23 день 7 месяца 879 года, Альбанд

— Куда мы идем? — спросил мрачный и хмурый Минт, зябко ежась и оглядываясь по сторонам.

На утренних улицах Альбанда было пусто. Почти пусто. Несколько гномов спешили в ту же сторону, что и Гатар с Минтом, возможно, на утреннюю молитву.

— В храм Узианды, — коротко ответил Гатар.

— Ради этого ты меня вытащил из постели? — возмутился Минт. — Посещения какого-то сраного храма? Так шел бы и молился своему этому сра…

— Не богохульствуй! — рыкнул Гатар, кладя руку на плечо барда и придавливая.

Нет, он давно уже не был тем наивным зеленым юношей, что сбежал из нищего кочевья, мечтая разбогатеть, прославиться и приехать обратно на огромном шестиногом белом коне. Но слушать хулу на своего бога?

— Началось, — скривился Минт, пытаясь стряхнуть ручищу орка. — Дед все куда-то тащил да нудел, теперь вы взялись? Кстати, где Ираниэль?

— Пошла в банк, — коротко бросил орк.

— О! Деньги — это хорошо, деньги, — это выпивка, — оживился Минт, но тут же скривился от боли, приложил руку к голове. — Слышь, давай уже в кабак свернем, помолимся богу вина, вознесем не менее двух бутылок!

— Нет.

Для молитв не нужны храмы, это Гатар понял уже давно. Но в храмах и при них обитали жрецы и священники, обладавшие специфическими навыками. Вначале следовало убедиться, что Бран не влиял на них, не подрывал боевой дух, а потом уже браться за найм и воспитание Минта.

— Блин, я думал — вы мои друзья, а вы не лучше деда! — поморщился Минт.

— Лучше, — возразил Гатар. — Мы на тебя не влияем тайно.

— Ага, только открыто, например, берете и вытаскиваете из постели ни свет ни заря, — ворчал Минт.

Храм Сайроса, бога мастеров и ремесел, словно выдвинулся им навстречу, занимая собой половину огромной пещеры. Гномы входили в храм, оживленно переговариваясь, сновали служки, доносилось постукивание молота, под аккомпанемент чьего-то могучего баса. Гатар и не сомневался, что Сайроса гномы будут ставить первым из тринадцати, славить больше всех. В его родных степях точно так же выделяли, выдвигали на первое место из пантеона тринадцати Алианну, богиню зверей и птиц. Будь здесь Ираниэль, рассказала бы о почитании Филоры, богини лесов и растений.

— Если ты хочешь работать в команде, — указал Гатар, — то тебе следует изменить свое поведение, а не вести себя как капризная певичка!

— Уже не уверен, что хочу, — огрызнулся Минт. — И я — бард, человек искусства, мне по профессии положено быть капризной певичкой! Певцом.
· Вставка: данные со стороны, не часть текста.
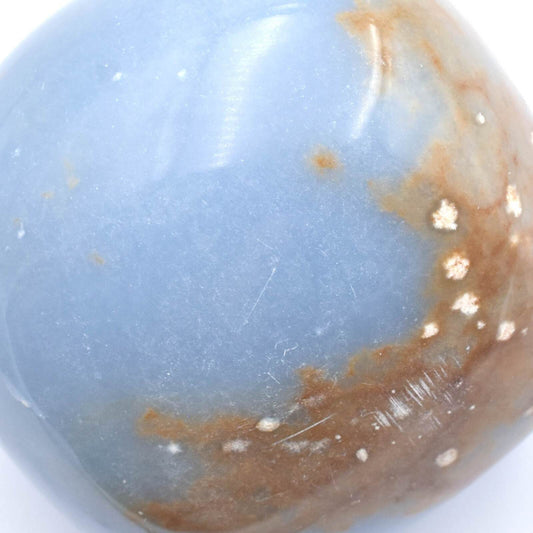 Angelite Freeform Shape Carving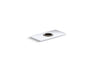 4" escutcheon plate for Insight™ and Kinesis® faucet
— Боевой бард! — многозначительно вскинул указательный палец Гатар. — В бою не на сцене — хочешь жить, помогай напарникам, и они помогут тебе.
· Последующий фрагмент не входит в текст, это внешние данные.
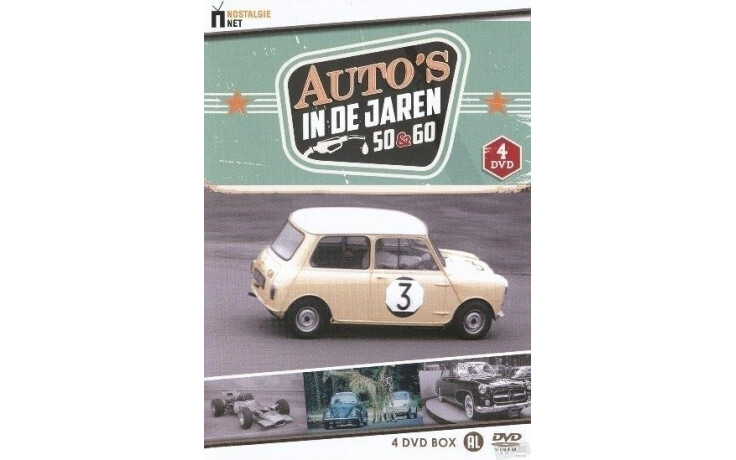 Auto's In De Jaren 50 & 60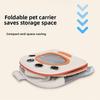 Breathable Travel Cat Carrier Lightweight Portable Pet Bag Cats Carrying Case  Window Design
Минт скис, бормоча что-то себе под нос, возможно, взывая к Гаросу — богу смерти или Эммиде — богине справедливости и возмездия. Или он просто ругался с похмелья, такое Гатару тоже встречалось. Торговец Бран, которым все это время прикрывался юный бард — даже величал дедом, не имея кровного родства — относился к своему «внуку» непозволительно мягко, по мнению Гатара. Не реагировал на его выходки, спускал с рук слова, вместо перевоспитания просто смотрел, думая явно о своем.
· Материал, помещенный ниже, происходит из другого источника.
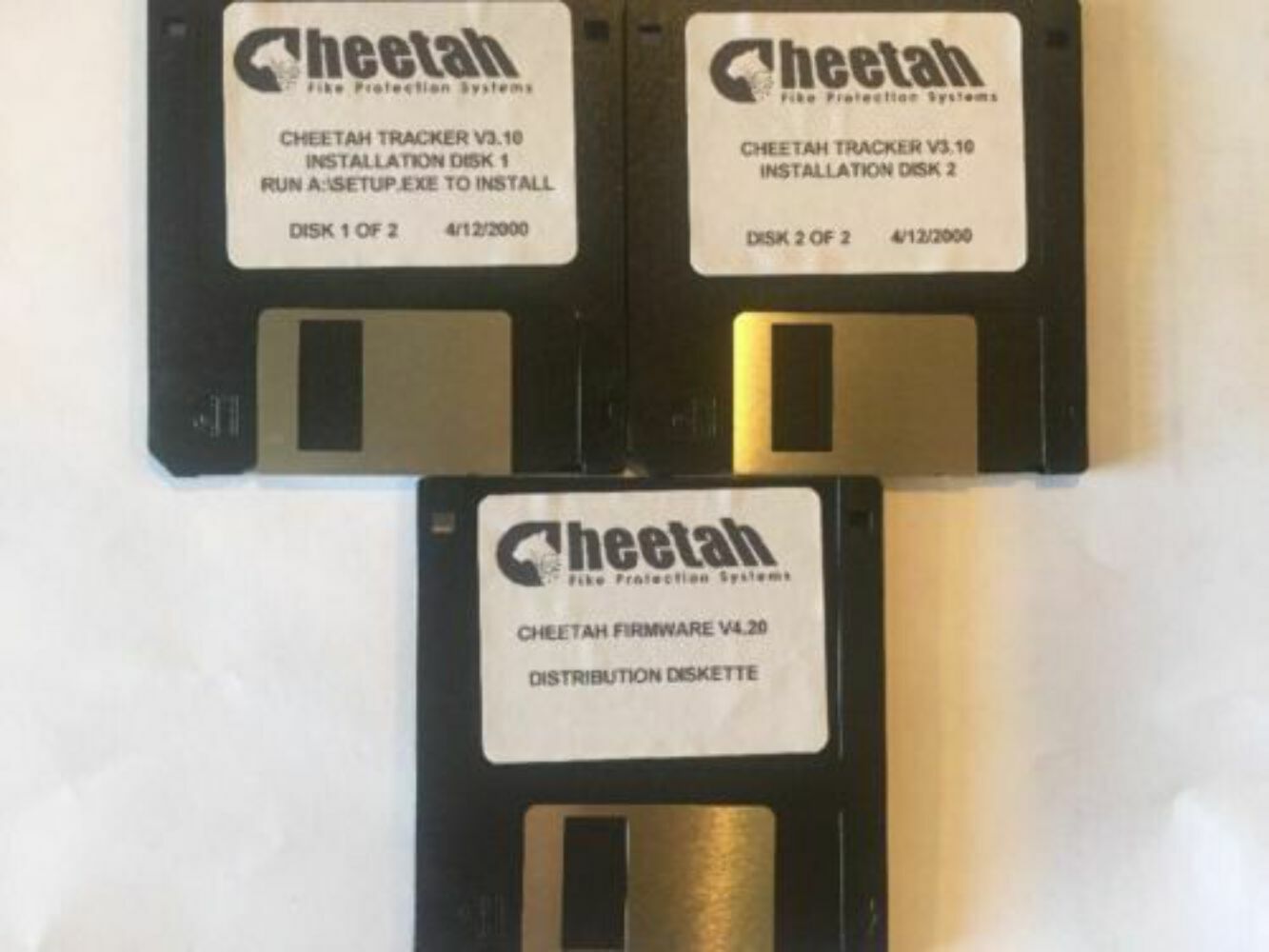 CHEETAH TRACKER V3.10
Теперь все это должно было измениться!

Не прямо сейчас, конечно, после найма, во время длительного перехода с караваном. Сражения и сближение, осознание ценности напарников, прикрывающих спину, прелести Ираниэль — как повод тянуться выше, получать уровни. Все это Гатар проходил на своей шкуре и был уверен, что немного суровости, воспитания и тягот походов пойдут Минту на пользу, сделают из него правильного живого.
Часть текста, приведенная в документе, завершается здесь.